● **EXERCISE**:
Give all the lines below again, exactly, with no pictures.
_ _ _
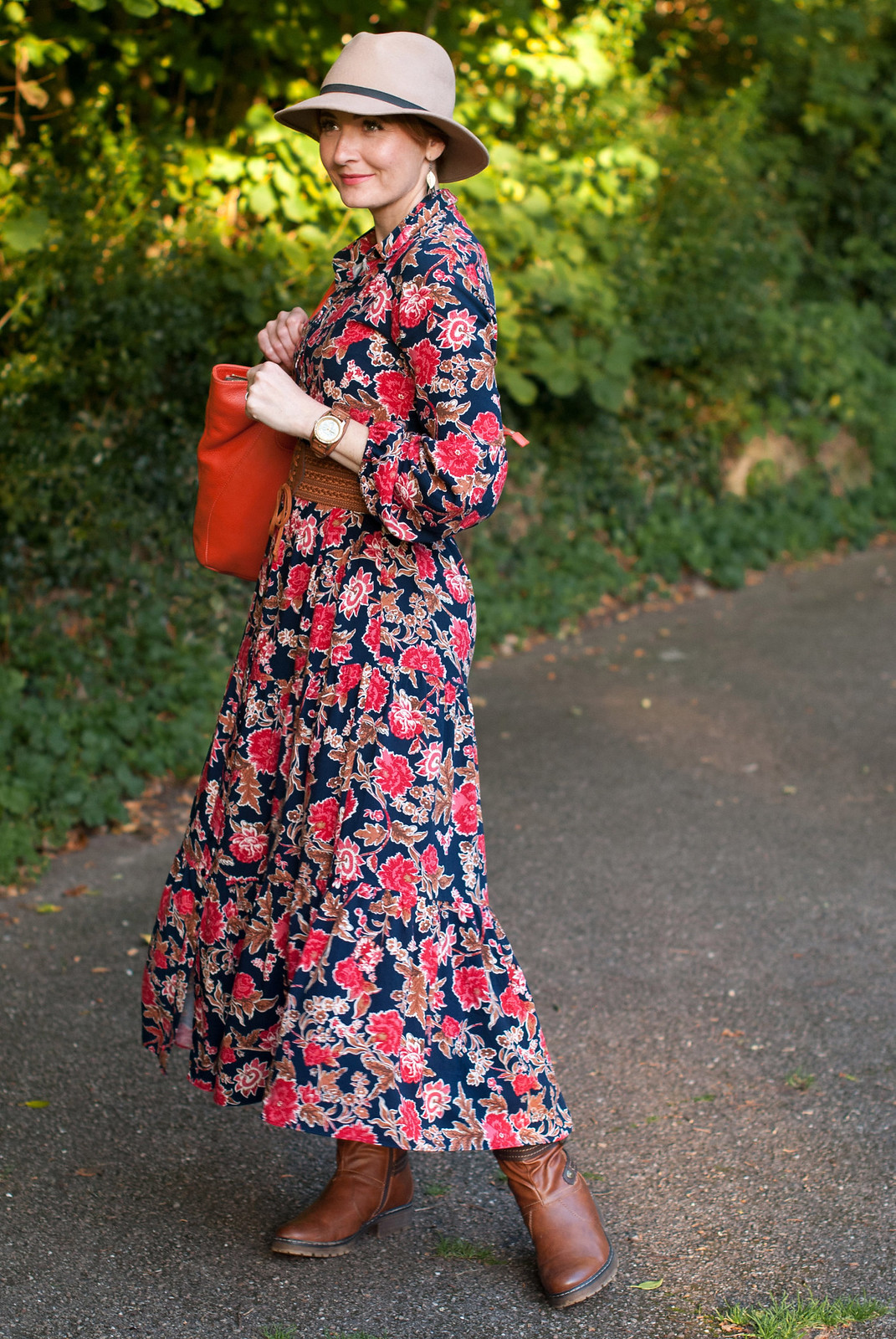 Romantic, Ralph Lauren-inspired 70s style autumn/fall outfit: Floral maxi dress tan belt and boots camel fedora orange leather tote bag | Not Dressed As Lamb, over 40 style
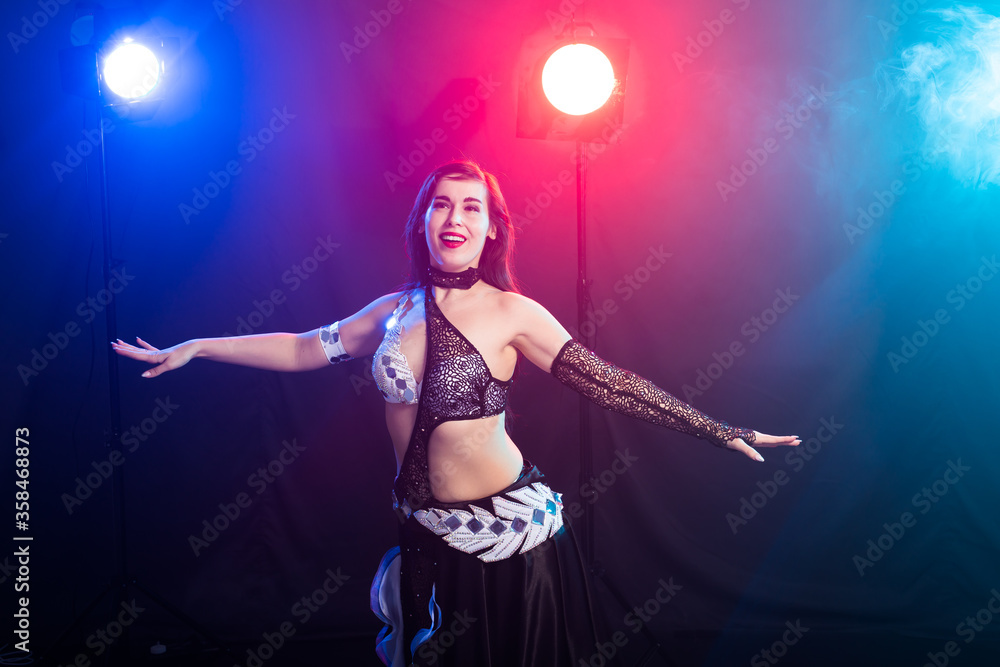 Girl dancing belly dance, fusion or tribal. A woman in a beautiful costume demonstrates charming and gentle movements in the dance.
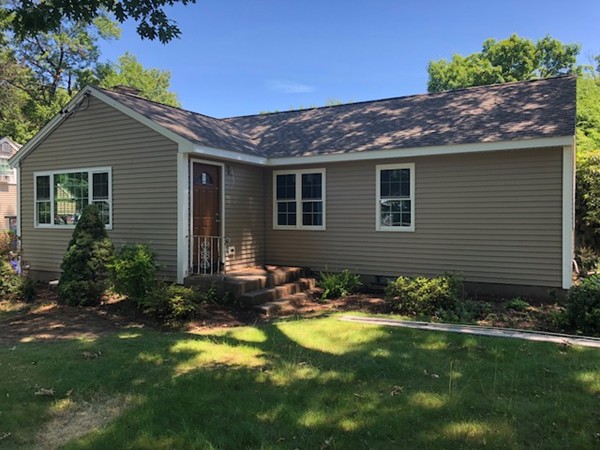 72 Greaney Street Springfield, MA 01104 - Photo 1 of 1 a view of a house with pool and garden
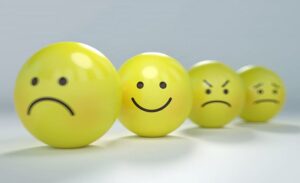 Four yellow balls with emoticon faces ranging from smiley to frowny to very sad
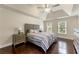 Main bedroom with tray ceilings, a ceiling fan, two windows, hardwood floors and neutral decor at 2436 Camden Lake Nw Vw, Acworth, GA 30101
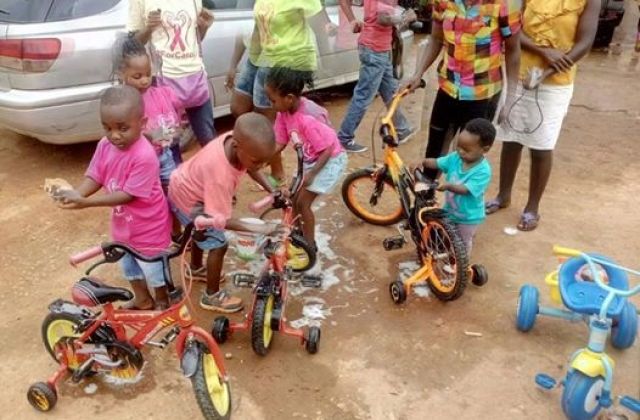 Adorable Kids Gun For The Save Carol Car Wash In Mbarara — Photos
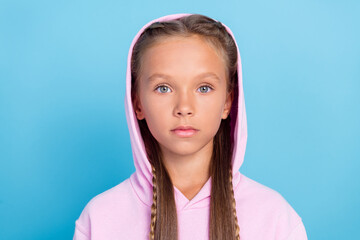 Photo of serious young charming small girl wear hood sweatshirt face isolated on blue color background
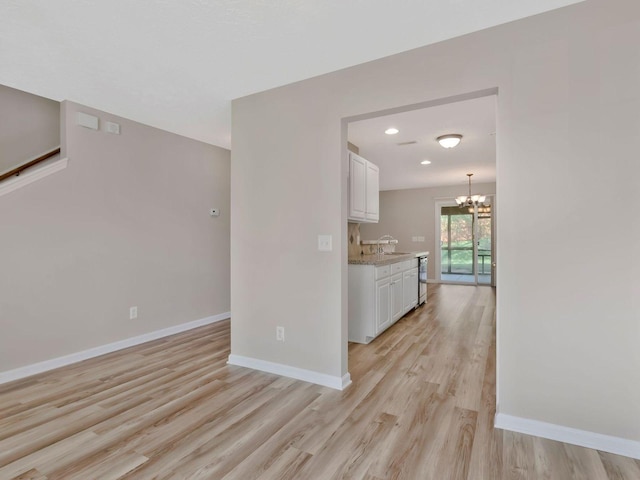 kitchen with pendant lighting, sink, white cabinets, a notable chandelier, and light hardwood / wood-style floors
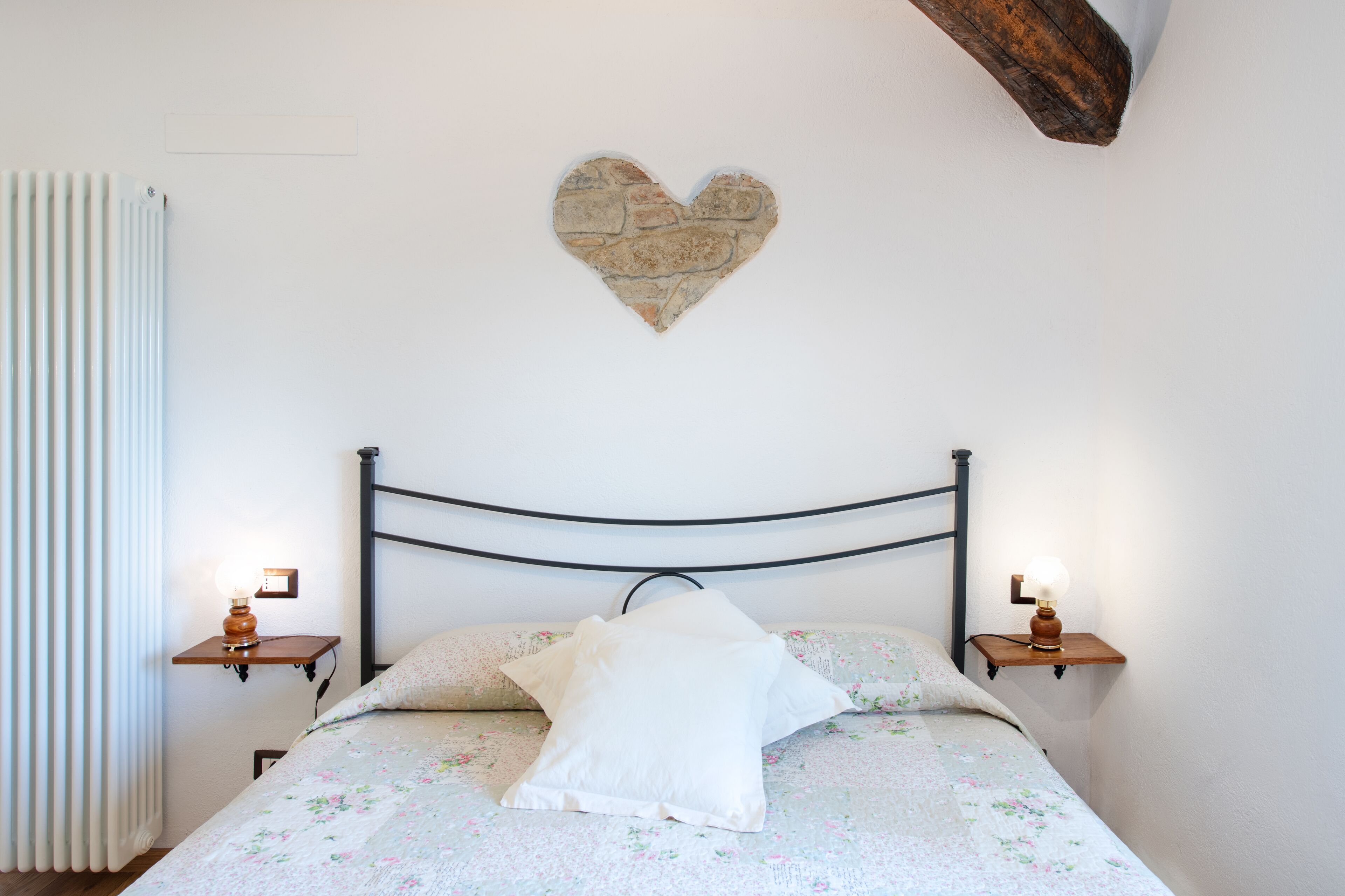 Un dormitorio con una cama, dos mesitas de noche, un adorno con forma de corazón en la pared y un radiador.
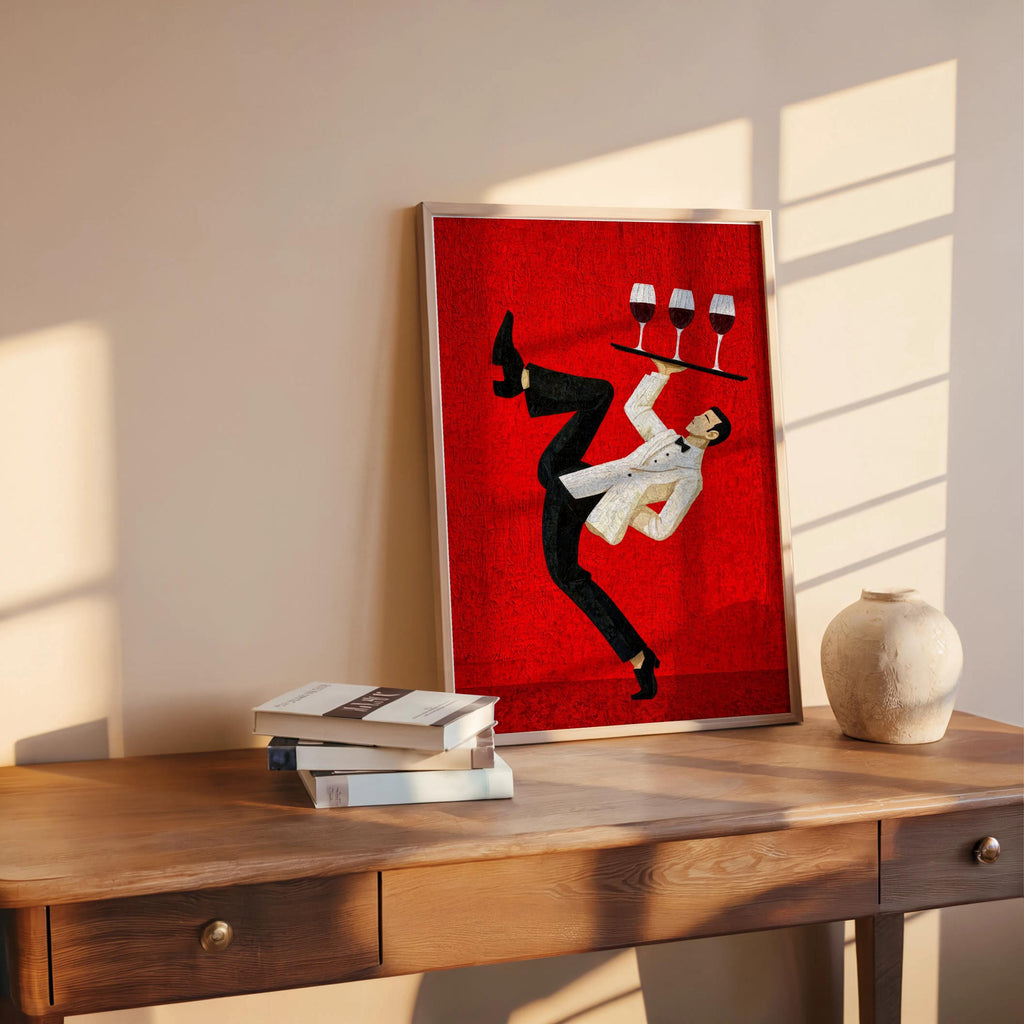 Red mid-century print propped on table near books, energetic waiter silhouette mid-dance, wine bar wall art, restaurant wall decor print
_ _ _
● **REPLY TO THE TASK**:
 Romantic, Ralph Lauren-inspired 70s style autumn/fall outfit: Floral maxi dress tan belt and boots camel fedora orange leather tote bag | Not Dressed As Lamb, over 40 style
 Girl dancing belly dance, fusion or tribal. A woman in a beautiful costume demonstrates charming and gentle movements in the dance.
 72 Greaney Street Springfield, MA 01104 - Photo 1 of 1 a view of a house with pool and garden
 Four yellow balls with emoticon faces ranging from smiley to frowny to very sad
 Main bedroom with tray ceilings, a ceiling fan, two windows, hardwood floors and neutral decor at 2436 Camden Lake Nw Vw, Acworth, GA 30101
 Adorable Kids Gun For The Save Carol Car Wash In Mbarara — Photos
 Photo of serious young charming small girl wear hood sweatshirt face isolated on blue color background
 kitchen with pendant lighting, sink, white cabinets, a notable chandelier, and light hardwood / wood-style floors
 Un dormitorio con una cama, dos mesitas de noche, un adorno con forma de corazón en la pared y un radiador.
 Red mid-century print propped on table near books, energetic waiter silhouette mid-dance, wine bar wall art, restaurant wall decor print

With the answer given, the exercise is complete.